I'm still having a hard time finding information on why Quarto necessitates its existence over Rmd. I noticed that it uses a nicer font, but is there any comparison I can read or watch? Is it because it's compatible with both Python and R?
If I knit Quarto, will it produce an .html file I can just copy-paste or attach into an e-mail?
My take is that on the surface, as an R Markdown user writing a document, there might not appear to be significant differences between Quarto and .Rmd. That beggars the question: Why move? Is Quarto really going to benefit me?
There are some significant changes that should be beneficial to you, while not adding too much pain to transition.
Low-Pain - Quarto is designed to be compatible with existing formats. For example you can render most .Rmd and Jupyter Notebooks with Quarto without modification. This certainly helps with folks making the transition to Quarto -- or just trying it out -- because they won't have to modify much of their existing work.
I'd summarize this as Quarto is, "low-pain to try out and transition into".
That being said, R Markdown is not going anyway. If you prefer it, keep using it.
The Gain - Quarto is designed to be useful to anyone who wants to create reproducible documents - Your R Markdown doc is also compatible with Python (and bash, Julia, C, SQL), but where R Markdown docs use R and knitr to render your doc, Quarto does not require R. Quarto runs computations into separate pluggable language "engines", which helps make this cross language functionality easier to support.
Any regular user of R Markdown knows how great it is.

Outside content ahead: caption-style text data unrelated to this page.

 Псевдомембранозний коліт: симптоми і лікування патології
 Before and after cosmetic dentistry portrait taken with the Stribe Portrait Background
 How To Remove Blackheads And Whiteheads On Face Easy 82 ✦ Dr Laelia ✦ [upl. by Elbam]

It's a lovely notebook (especially in the RStudio IDE or Workbench!), it plays well with version control, which makes it handy for collaboration. I feel it's a standout example today of a great tool for creating reproducible research. And then add in the universe of related tools like bookdown, blogdown, pagedown, distill, pkgdown and more...
But R Markdown is really designed for R users and is R first, that is not where Quarto is coming from. Quarto is developed by the same core team as R Markdown and will get the same support and extensions.

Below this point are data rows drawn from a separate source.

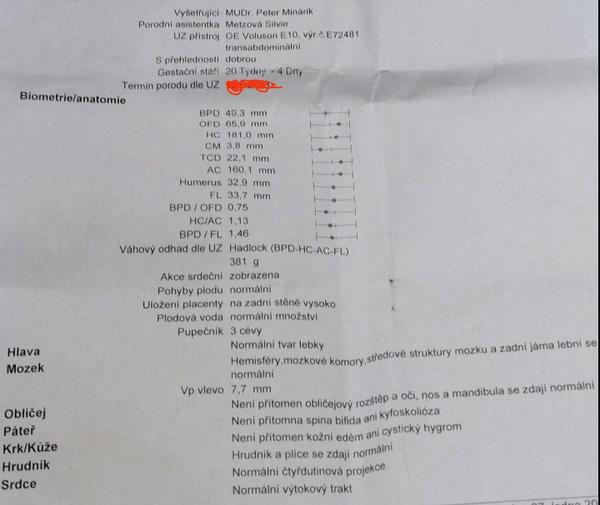 Určenie termínu pôrodu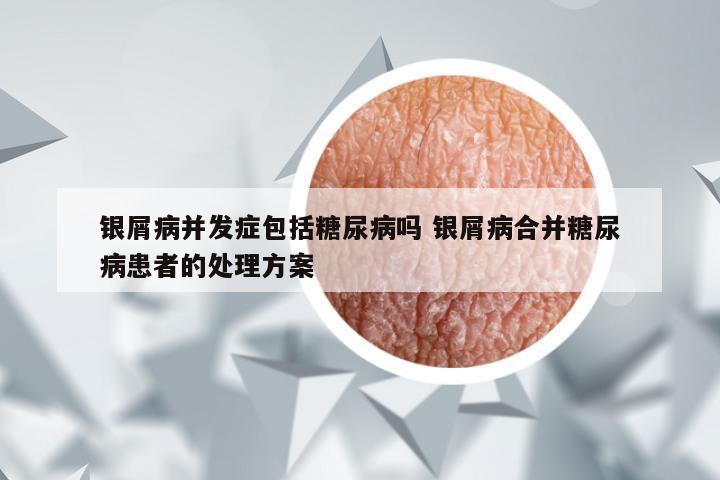 银屑病并发症包括糖尿病吗 银屑病合并糖尿病患者的处理方案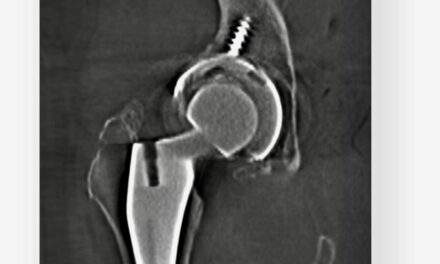 FDA Clears 3D Imaging Platform for Existing Surgical C-Arms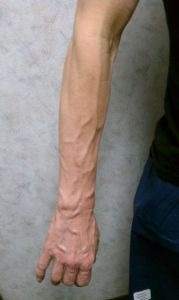 Varicose Veins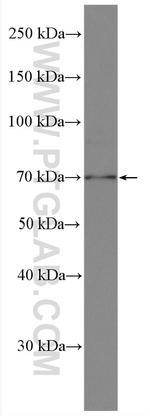 ZC3H14 Antibody in Western Blot (WB)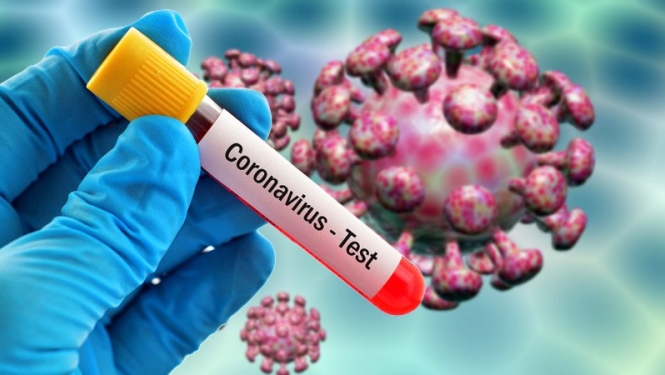 Koronavirus tests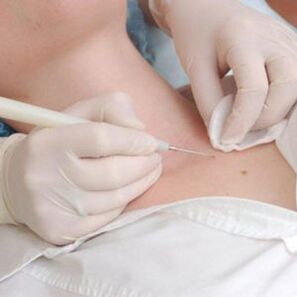 treatment of papillomas in men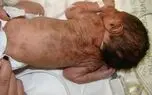 شمارش معکوس تخلیه ملک محل انجمن لوپوس با اخذ حکم دادگاه توسط شهرداری تهران و پیمانکار شهرداری
+ فیلم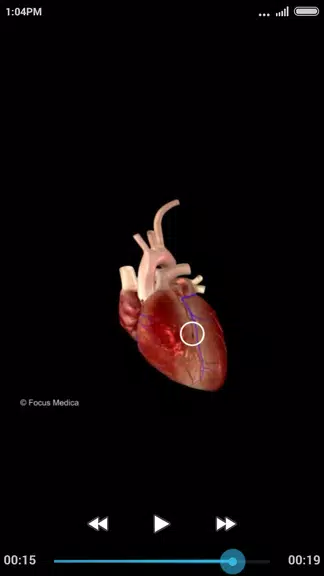 Cardiology-Animated Dictionary Captura de tela 3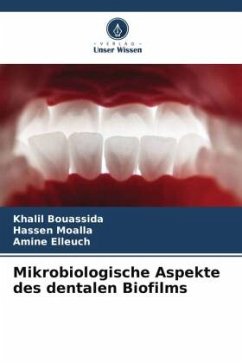 Mikrobiologische Aspekte des dentalen Biofilms - Bouassida, Khalil;Moalla, Hassen;Elleuch, Amine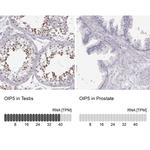 OIP5 Antibody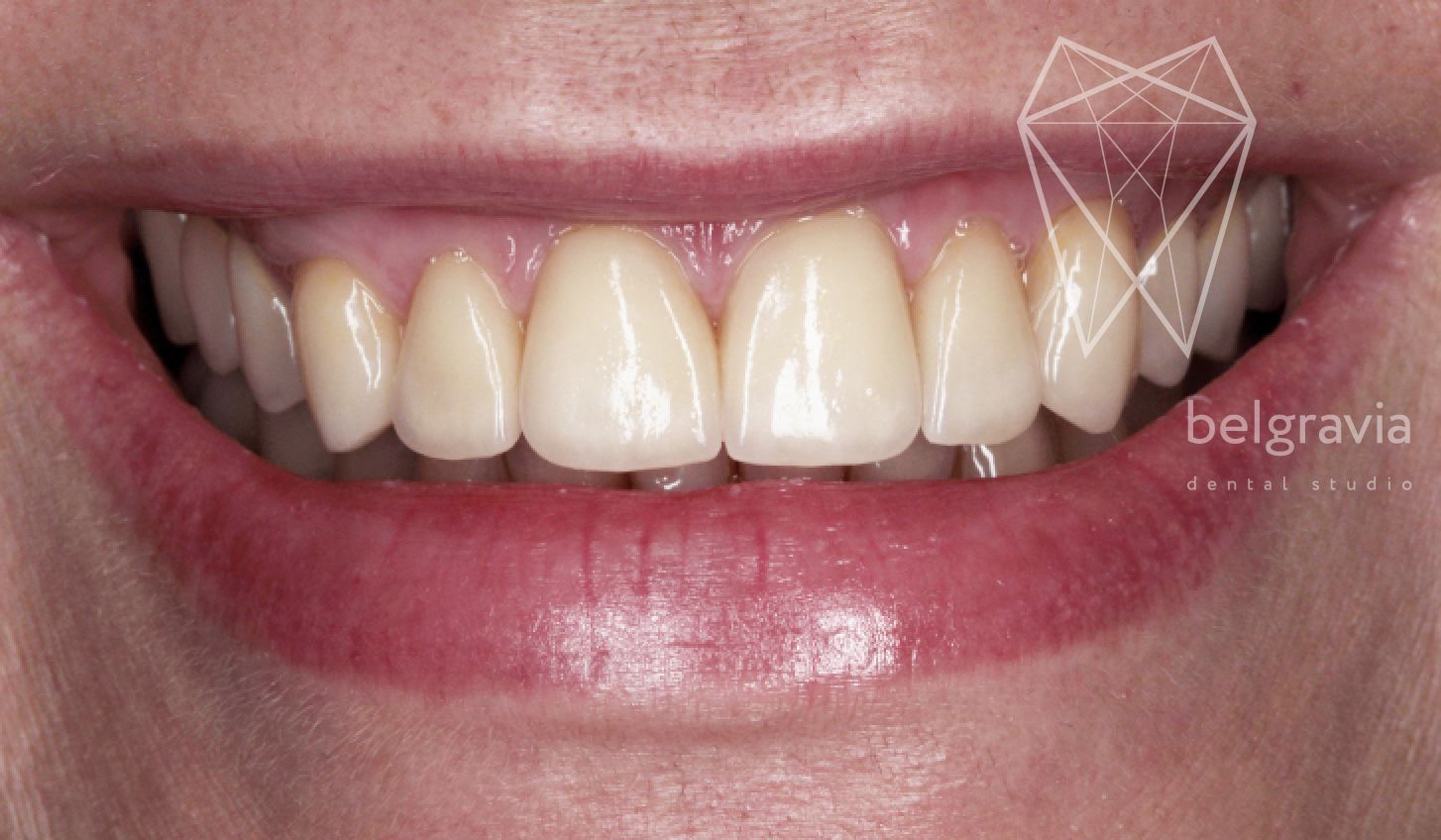 диоксид циркония коронки фото зубов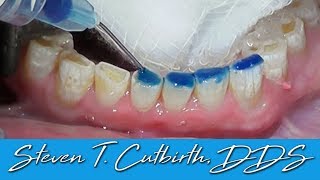 Bonding Worn Anterior Teeth  Dental Minute with Dr Steven T Cutbirth DDS [upl. by Dde409]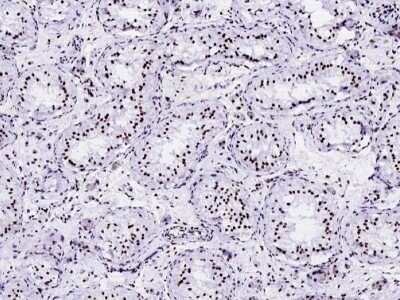 Immunohistochemistry-Paraffin: Histone H2B type 2E Antibody [NBP2-99782]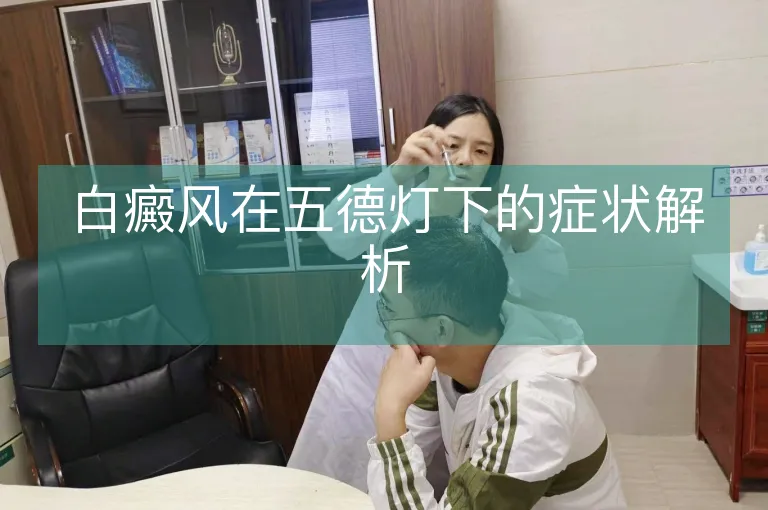 白癜风在五德灯下的症状解析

If you goal is to create a document using the language of your preference -- one that's reproducible, plays well with version control, one that's easier to share with people who prefer to do their work in a different language -- Quarto will be a really handy tool for that purpose.
Learn more about Quarto
As of this writing, I think the following resources are great to learn more,
Questions about Quarto?
As of this writing Quarto is still in early development, and the dev team ask for you to report your issues and questions over on GitHub Discussions,
I have been integrating Quarto more and more into my day-to-day work. I think the most obvious difference between the two has been Quarto's integration with Python. It is seamless; almost like working on Python using Jupyter in VSCode. I haven't encountered any daunting differences between the two since I started playing around with Quarto. As such, I think, for now, I will focus on playing around with it. Once it becomes more widely utilised, I will use it to write reports, create slides etc.
See my gist here on moving from Rmd Bookdown to a Quarto book.
Other than the Python etc integration, it really simplifies and supports a lot of features, like 'collapsible folding blocks' that required a lot of hand-coding and jury-rigging before, and were often failing.
The main snag I've found is that you need to reload the environment for each new chapter, which can slow things down for some sorts of work.